3. Ten aanzien van het laatste verweer overweegt het hof dat de kantonrechter weliswaar het voertuig van de betrokkene verkeerd heeft benoemd en heeft overwogen dat de lading niet over de rand van de aanhangwagen kwam, maar dit valt aan te merken als een kennelijke vergissing die er niet toe leidt dat de beslissing van de kantonrechter zal worden vernietigd.
4. De betreffende gedraging met feitcode P061 is een overtreding van artikel 5.1.2 in samenhang met het destijds geldende artikel 5.18.6, tweede lid, van de Regeling Voertuigen (hierna: RV).
5. Artikel 5.1.2 RV - voor zover hier van belang - luidt:
“Het is de bestuurder van een voertuig of een samenstel van voertuigen verboden daarmee te rijden (…), indien niet wordt voldaan aan de in afdeling 18 van dit hoofdstuk ten aanzien van het gebruik van voertuigen of samenstellen van voertuigen van de categorie of categorieën, waartoe die voertuigen behoren, gestelde eisen.”
6. Artikel 5.18.6 RV, tweede lid, luidt:
“Losse lading die naar haar aard niet op of aan het voertuig bevestigd kan worden, moet deugdelijk zijn afgedekt indien gevaar of hinder ontstaat of kan ontstaan als gevolg van afvallende of wegwaaiende lading.”
7. De toelichting op artikel 5.18.6 RV houdt - voor zover van belang - het volgende in:
“Nieuw is het bepaalde in het tweede lid met betrekking tot het vervoer van losse lading. Dit lid bevat de verplichting om losse lading die van het voertuig kan vallen deugdelijk af te dekken. Gedacht dient daarbij te worden aan lading als zand, grint of puin. De wijze van afdekken is afhankelijk van de soort lading die wordt vervoerd. Zo zal voor grof puin een net voldoende zijn, terwijl zand een dekzeil zal vereisen.”
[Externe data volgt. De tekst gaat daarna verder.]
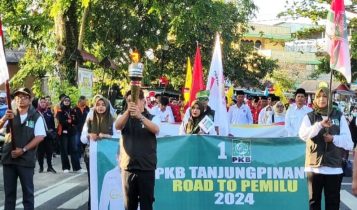 Pawai Obor Demokrasi, Bawaslu Ajak Masyarakat Awasi Jalannya Pemilu 2024 (Foto:Roland)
8. Bij de feitomschrijving bij feitcode P061 in het Feitenboekje staat de toelichting:
“1. zoals zand, puin, grind en granen 2. indien losgestorte lading in een laadbak is geladen en die lading in het midden boven de zijschotten uitsteekt, slechts verbaliserend optreden indien de vrije ruimte onder de rand van de zijschotten onvoldoende is en daardoor kans bestaat dat lading tijdens het rijden op de weg valt; zo mogelijk foto maken van lading in laadbak.”
9. Een daartoe aangewezen ambtenaar kan op grond van artikel 3, tweede lid, van de Wet administratiefrechtelijke handhaving verkeersvoorschriften (Wahv) een administratieve sanctie opleggen voor een gedraging die door deze ambtenaar zelf of op geautomatiseerde wijze is vastgesteld. Dat de gedraging is verricht, moet voldoende blijken uit de beschikbare gegevens. Of van de juistheid van deze gegevens kan worden uitgegaan, is ervan afhankelijk of de betrokkene argumenten heeft aangevoerd die leiden tot twijfel aan de juistheid van (delen van) die gegevens dan wel het dossier daar aanleiding toe geeft.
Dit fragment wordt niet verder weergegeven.